Assignment:
Retype the opening lines of the data exactly, stopping after the line that contains "thumbnail image 4". Skip every picture.

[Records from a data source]
+++

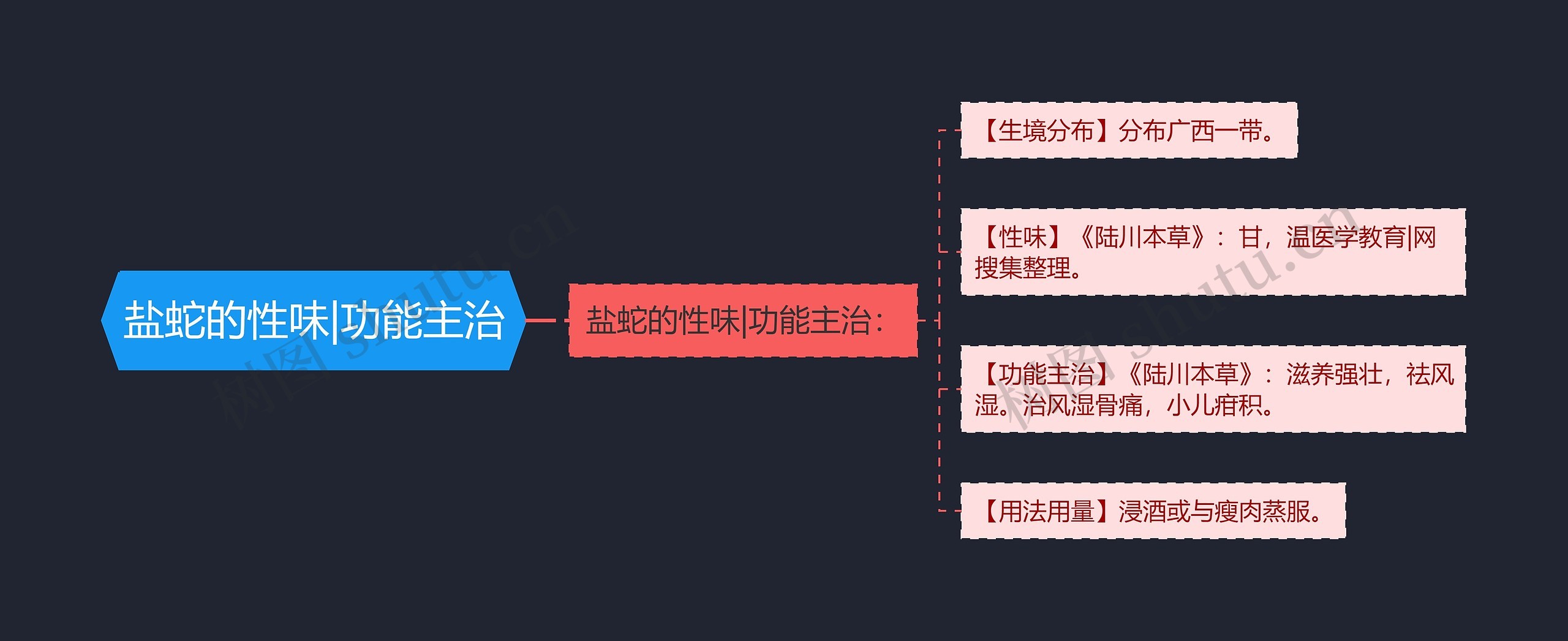 盐蛇的性味|功能主治思维导图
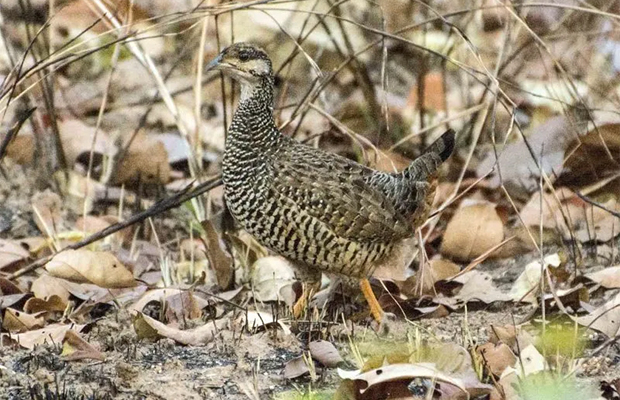 Koh Ker Birds Tour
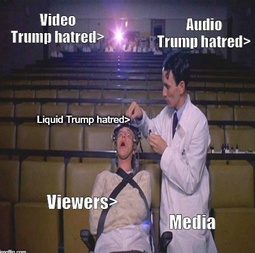 thumbnail of media-trump-hatred-x1.jpg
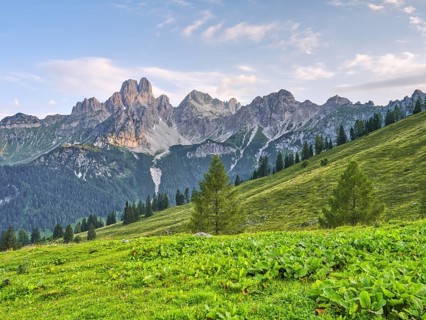Alpine meadow in front of the large Bischofsmütze, Gosaukamm, Dachstein massif, Sulzenalm,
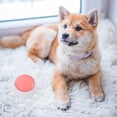 thumbnail image 4 of LEEYNEER Talking Pet Buttons Pink PP Communication  Home Use 1Set, 4 of 5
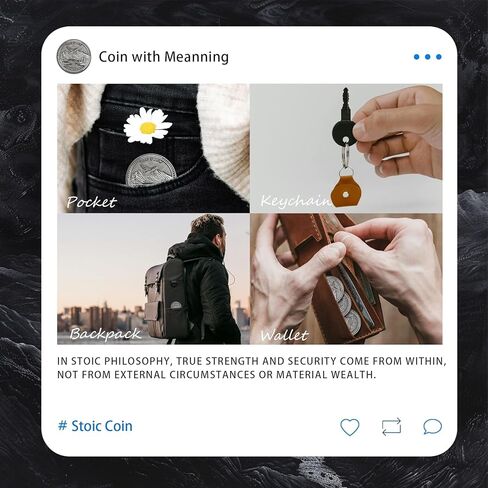 Summum Bonum Challenge Coin - Silver EDC Rose Stoic Coin - Love of Fate Token Reminder for Daily Stoic Practice - Inspirational Thoughtful Stoicism Gifts for Men Women Kids in Kuwait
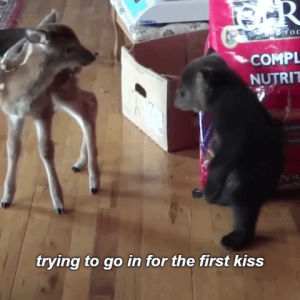 cute,animals,animal,first kiss,love,kiss,bear trying to kiss deer,baby bear trying to kiss deer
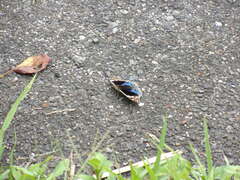 Junonia orithya orithya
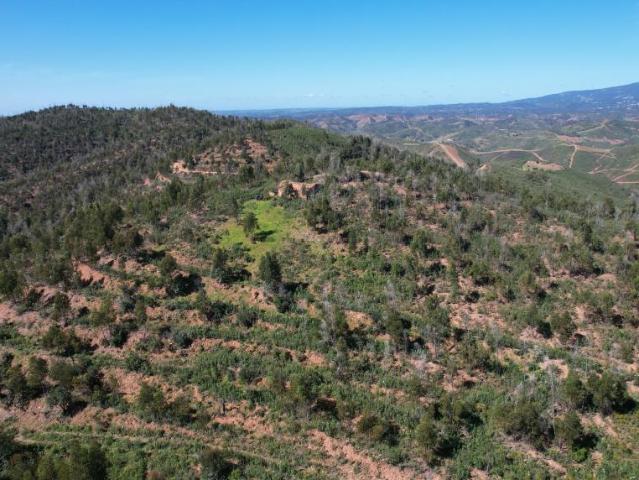 Silves Algarve 99723094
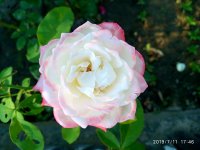 IMG_20190711_174627.jpg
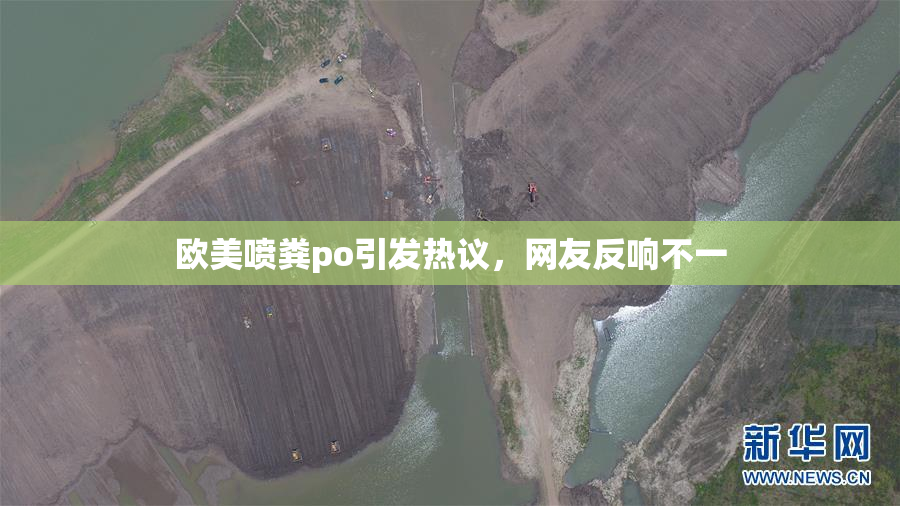 欧美喷粪po引发热议，网友反响不一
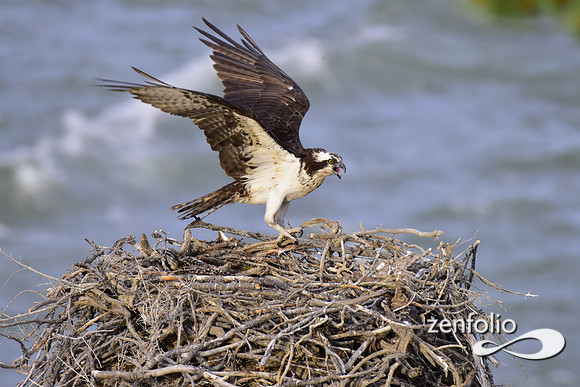 osprey nesting (8)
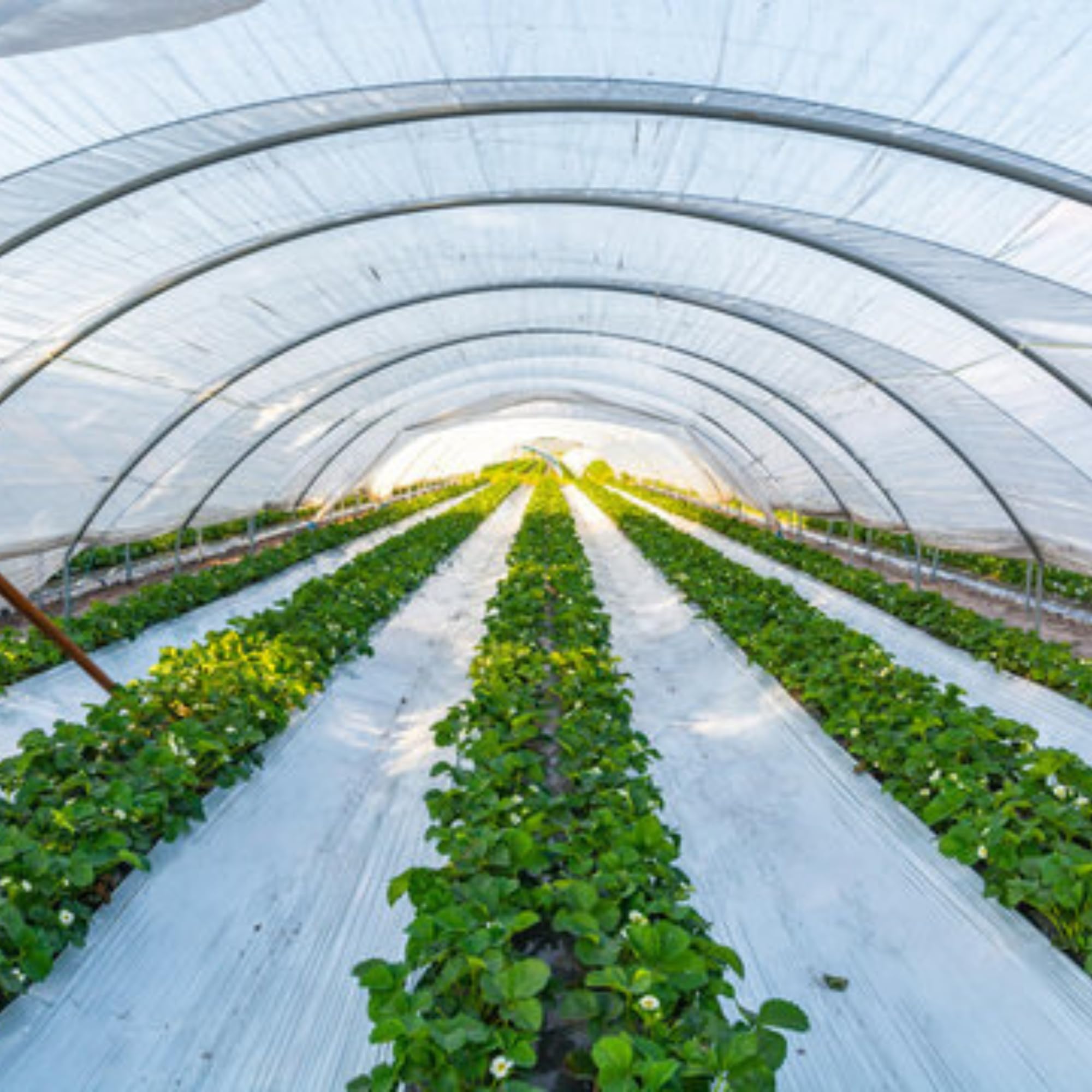 Mulching Paper - Weed Control & Crop Yields -6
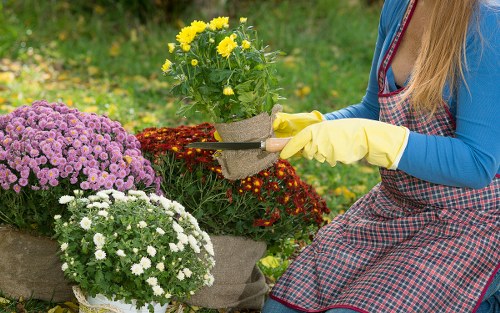 The image depicts a well-maintained garden in an outdoor residential setting, featuring a variety of flowering plants arranged in large fabric pots placed on the ground. Prominent in the foreground are potted chrysanthemums in shades of purple, white, and yellow, creating a vibrant display of seasonal flowers. The garden's layout includes a lush, dense lawn with evenly trimmed grass, bordered by a combination of shrubbery and small trees, contributing to a landscaped appearance. The background shows a natural setting with green foliage and a hint of a paved pathway or patio area. A woman wearing a checkered apron and yellow gloves is crouching beside the plants, gently tending to the flowers with her hands. The environment appears to be a sunny day with natural light illuminating the garden, ideal for outdoor gardening activities. This scene exemplifies professional gardening and landscaping practices, focusing on flower bed care and overall garden upkeep, consistent with services offered by Landscapers Newham in the area of outdoor garden maintenance and enhancement.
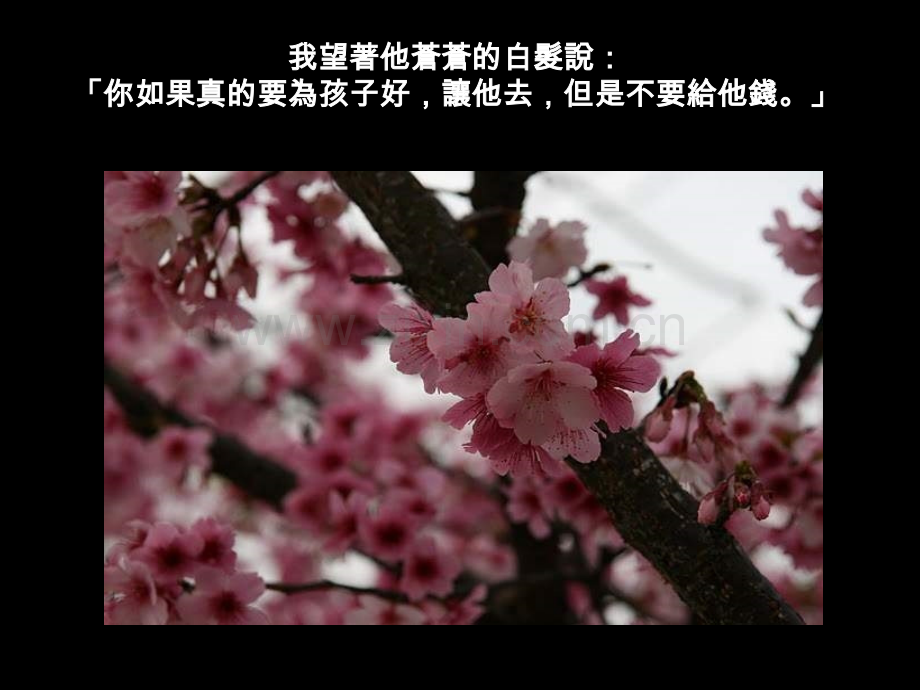 一生受用不尽的经验.pptx_第2页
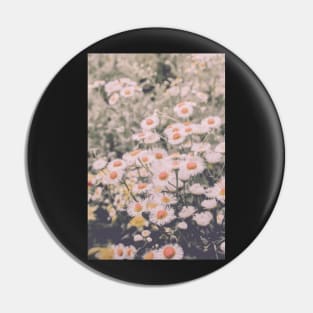 Wild Summer Daisies Pin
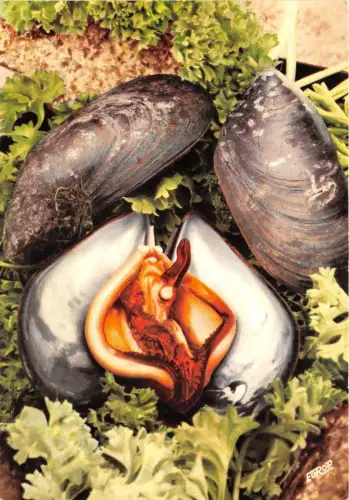 BR3619 Cote Atlantique Les Fruits de mer la moule Poissons et Crustaces france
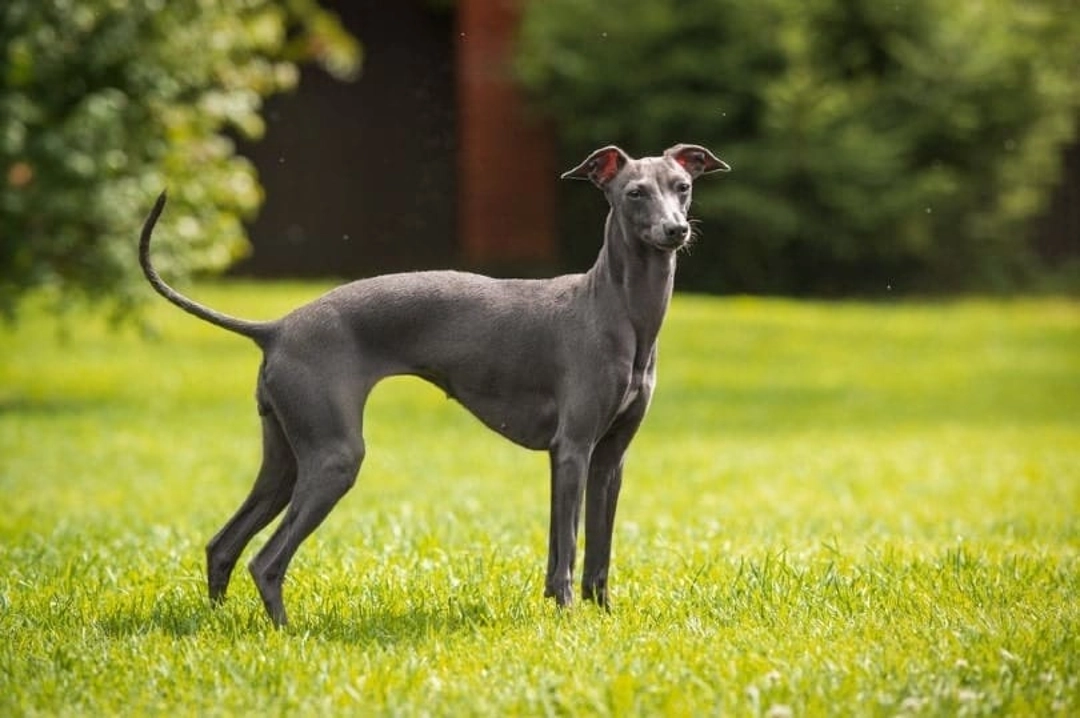 The Italian Greyhound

+++

Task response:
 盐蛇的性味|功能主治思维导图
 Koh Ker Birds Tour
 thumbnail of media-trump-hatred-x1.jpg
Alpine meadow in front of the large Bischofsmütze, Gosaukamm, Dachstein massif, Sulzenalm,
 thumbnail image 4 of LEEYNEER Talking Pet Buttons Pink PP Communication  Home Use 1Set, 4 of 5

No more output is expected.